2047 : cela fait douze ans qu’une gigantesque crise climatique a provoqué l’Effondrement de la civilisation industrielle. Ce phénomène fait désormais partie de l’Histoire et est entré dans le programme scolaire. Un manuel a été conçu pour enseigner aux jeunes générations les grands moments qui ont jalonné l’investissement de leurs prédécesseurs dans la lutte pour la démocratie, la liberté, l’éducation et en faveur du climat. Et tout ne commence pas avec Athènes, Charlemagne, Mai 68 ou Greta Thunberg.
Quoi de mieux qu’un manuel pour véhiculer et inculquer une certaine vision du monde ? Emanuelle Dufour (C’est le Québec qui est né dans mon pays !) et Francis Dupuis-Deri ont pris le pari d’offrir un pastiche de ces « bons vieux » livres de référence utilisés dans l’enseignement afin de dresser un historique des rébellions de collégiens et lycéens, nombreuses au XXe siècle. Le ton et les idées collent parfaitement à la ligne d’Écoédition, maison canadienne engagée qui publie cette BD-documentaire.
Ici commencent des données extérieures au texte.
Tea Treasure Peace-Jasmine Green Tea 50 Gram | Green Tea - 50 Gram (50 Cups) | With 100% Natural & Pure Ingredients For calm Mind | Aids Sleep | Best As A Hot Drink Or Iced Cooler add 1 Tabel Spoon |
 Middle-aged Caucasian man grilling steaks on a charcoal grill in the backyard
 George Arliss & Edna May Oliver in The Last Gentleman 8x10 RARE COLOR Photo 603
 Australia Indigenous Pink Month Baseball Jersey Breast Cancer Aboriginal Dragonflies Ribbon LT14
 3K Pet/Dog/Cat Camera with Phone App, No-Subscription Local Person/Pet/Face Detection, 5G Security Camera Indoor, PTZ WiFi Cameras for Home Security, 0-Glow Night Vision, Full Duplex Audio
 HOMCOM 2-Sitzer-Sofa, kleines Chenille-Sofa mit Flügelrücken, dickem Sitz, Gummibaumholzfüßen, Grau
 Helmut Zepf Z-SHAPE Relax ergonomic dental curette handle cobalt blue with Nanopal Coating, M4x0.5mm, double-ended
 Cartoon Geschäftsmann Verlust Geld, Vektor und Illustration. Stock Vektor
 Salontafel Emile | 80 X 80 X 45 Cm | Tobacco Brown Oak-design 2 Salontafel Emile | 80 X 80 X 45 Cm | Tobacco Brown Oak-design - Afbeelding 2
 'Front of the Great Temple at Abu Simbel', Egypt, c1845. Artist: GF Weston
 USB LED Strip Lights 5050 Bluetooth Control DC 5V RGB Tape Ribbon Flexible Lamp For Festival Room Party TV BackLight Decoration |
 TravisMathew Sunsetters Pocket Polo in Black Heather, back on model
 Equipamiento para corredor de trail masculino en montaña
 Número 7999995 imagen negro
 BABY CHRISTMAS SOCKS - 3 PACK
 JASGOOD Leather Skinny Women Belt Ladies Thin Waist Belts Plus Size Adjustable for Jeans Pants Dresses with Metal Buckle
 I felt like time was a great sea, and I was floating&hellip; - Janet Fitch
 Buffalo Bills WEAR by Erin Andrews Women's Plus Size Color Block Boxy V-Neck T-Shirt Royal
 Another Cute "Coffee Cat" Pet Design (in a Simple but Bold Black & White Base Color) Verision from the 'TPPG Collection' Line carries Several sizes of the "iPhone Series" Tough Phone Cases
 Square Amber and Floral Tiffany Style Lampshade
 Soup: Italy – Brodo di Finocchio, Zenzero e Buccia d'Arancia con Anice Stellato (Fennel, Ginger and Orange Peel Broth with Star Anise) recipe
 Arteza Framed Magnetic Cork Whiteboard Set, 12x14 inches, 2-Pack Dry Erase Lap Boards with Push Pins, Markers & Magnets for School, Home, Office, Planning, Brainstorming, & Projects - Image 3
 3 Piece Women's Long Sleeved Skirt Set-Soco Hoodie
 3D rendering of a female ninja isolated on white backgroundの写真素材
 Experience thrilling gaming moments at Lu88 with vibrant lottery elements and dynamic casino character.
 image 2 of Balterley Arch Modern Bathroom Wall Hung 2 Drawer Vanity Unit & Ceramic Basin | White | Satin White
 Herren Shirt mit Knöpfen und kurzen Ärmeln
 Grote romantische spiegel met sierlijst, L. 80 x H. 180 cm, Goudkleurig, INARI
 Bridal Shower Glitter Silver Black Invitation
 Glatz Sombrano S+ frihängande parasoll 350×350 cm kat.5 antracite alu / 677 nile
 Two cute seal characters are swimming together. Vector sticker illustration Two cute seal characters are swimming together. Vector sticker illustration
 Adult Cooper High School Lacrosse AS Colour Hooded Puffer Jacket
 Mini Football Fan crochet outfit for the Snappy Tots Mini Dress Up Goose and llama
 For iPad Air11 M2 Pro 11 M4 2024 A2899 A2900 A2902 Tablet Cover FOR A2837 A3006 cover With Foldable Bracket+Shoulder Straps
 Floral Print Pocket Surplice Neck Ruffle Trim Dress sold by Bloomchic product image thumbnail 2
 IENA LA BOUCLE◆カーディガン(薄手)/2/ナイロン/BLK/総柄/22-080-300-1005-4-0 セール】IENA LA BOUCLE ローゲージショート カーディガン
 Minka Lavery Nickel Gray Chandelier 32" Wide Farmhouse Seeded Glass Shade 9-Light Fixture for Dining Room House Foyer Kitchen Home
La forme correspond en tous points à un manuel scolaire ordinaire. Un avant-propos éclaire sur le contexte de sa création en l’An 12 après l’Effondrement ; les lecteurs apprécieront le calendrier et la datation qui les placent d’emblée dans ce futur potentiel. Puis le corps s’articule autour de quatre grandes parties, découpées en petits chapitres et abordant chacune un grand thème : « Expériences démocratiques », « La démocratie à l’école », « La grève à l’école », et La mobilisation pour le climat ». Le programme est clair, les leçons également. Un chapeau informatif est complété par divers documents dûment légendés (photos, illustrations, coupures de journaux, etc.). Quelques cartes ou schémas s’y ajoutent pour mieux visualiser. Le bédéphile goûtera particulièrement les infographies « Comment débutait une grève dans une école de l’Avant » et « Comment débutait une grève pour le climat dans le de l’Avant ». Des rubriques viennent compléter le propos (« Savais-tu ? », « Mots-clés ») et quelques exercices (mots croisés, problème, création de slogans) - avec leurs corrigés - agrémentent les chapitres. La liste complète des références n’est pas oubliée. L’ensemble bénéficie d’un design rétro de bon aloi, plutôt plaisant. Grâce à un choix de couleurs limité et franc (bleu, rouge, blanc et vert), chaque partie possède son identité propre.
Didactique, le fond se révèle résolument militant, si bien que, çà et là, quelques lignes simplifiant à l’extrême feront hausser les sourcils ou seront susceptibles de créer un malaise. Politiquement marqué, voire manquant un peu de recul, le propos n’exclut nullement la critique des modèles connus. Ainsi, sur la démocratie et le principe de consultation, l’ouvrage rappelle que la Grèce antique et Athènes n’en sont pas les seules « mères » et que se réunir pour discuter des sujets importants pour une communauté se faisait aussi sous d’autres latitudes. Indéniablement, en fustigeant - à raison - l’européocentrisme et en donnant des exemples variés provenant de tous les continents (en mettant notamment l’accent sur les Premières Nations), les auteurs servent un pluri-culturalisme qui mérite d’être reconnu et défendu. Tous les aspects abordés en valent la peine et le regard porté sur les combats pour la représentativité de tous et toutes, contre les discriminations raciales, pour l’accès à l’éducation se révèlent essentiels. Des notions comme l’adultisme et l’extractivisme interpellent. Avec cela, le texte invite à se questionner sur ce que les humains d’aujourd’hui - enfants, adolescent, adultes, seniors – pourraient envisager de transmettre à celles et ceux qui viendront après eux. Que restera-t-il demain des actions actuelles ? Comment seront-elles racontées ?
Original dans sa forme, vivement engagé dans son propos, Quand les élèves se révoltaient. Manuel d'histoire avant l'Effondrement ose poser un regard acéré sur les fondements de notre société et sur l'investissement des jeunes citoyen·es dans la lutte pour leurs droits, leur représentation et l'avenir de la planète. Car, non, après eux, ce ne sera pas le Déluge. À lire en conservant son esprit critique.